また、本実施形態では、上記のように、測定用ノズル41aを、部品31と当接する部分の抵抗値が1014Ω以上の絶縁性を有するように構成する。これにより、部品31の電気特性測定時に測定用ノズル41aに電流が流れるのを効果的に抑制することができるので、部品31の電気特性をより精度よく測定することができる。
また、本実施形態では、上記のように、制御部8を、部品31の電気特性を測定する際に、測定用電極911および912における部品31の当接位置を順番に変更するように構成する。これにより、測定用電極911および912の同じ位置に部品31を当接させる場合と比べて、測定用電極911および912が汚れたり削れたりするのを抑制することができるので、測定用電極911および912の表面の状態が悪化するのを遅らせることができる。これにより、測定用電極911および912のメンテナンスを行わずに部品31の電気特性を精度よく測定することが可能な期間を長くすることができる。

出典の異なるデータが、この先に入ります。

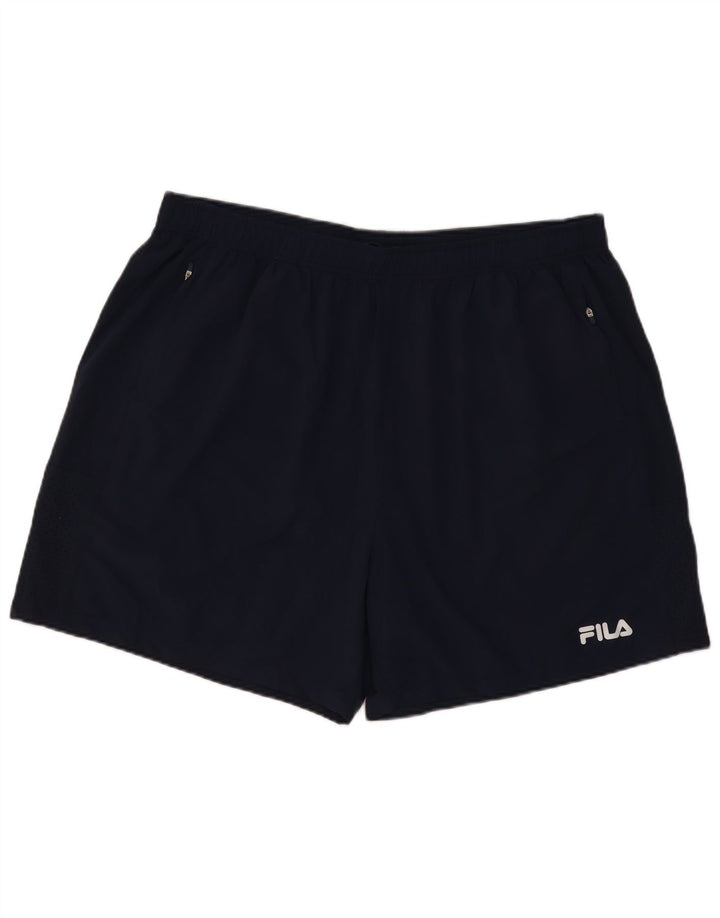 Shorts esportivos masculinos Fila 4XL poliéster azul marinho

また、本実施形態では、上記のように、制御部8を、測定用電極911および912の状態を確認し、確認結果に基づいて、測定用電極911および912の交換を促す通知を行う制御、または、測定用電極911および912を清掃する制御を行うように構成する。これにより、測定用電極911および912の状態が悪化した場合に、通知により測定用電極911および912が交換されるか、または、測定用電極911および912が清掃されるので、部品31の電気特性の測定精度が低下するのを抑制することができる。

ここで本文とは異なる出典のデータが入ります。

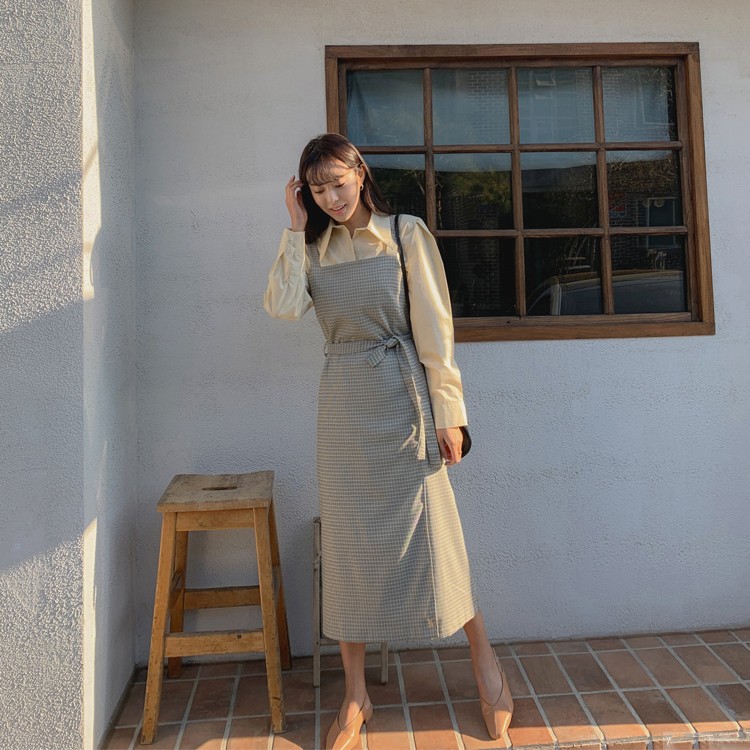 ワンピース チェック柄 ミモレ丈 レディース Aライン 韓国 送料無料 ジョイフィール joyfeel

また、本実施形態では、上記のように、制御部8を、測定用電極911および912を清掃する場合に、実装ヘッド42に清掃のための清掃用ノズル41bを装着して、清掃用ノズル41bにより、測定用電極911および912を清掃する制御を行うように構成する。これにより、清掃用ノズル41bが装着された実装ヘッド42により、測定用電極911および912を自動で清掃することができるので、ユーザが測定用電極911および912を清掃する場合に比べて、ユーザの作業負担を軽減することができる。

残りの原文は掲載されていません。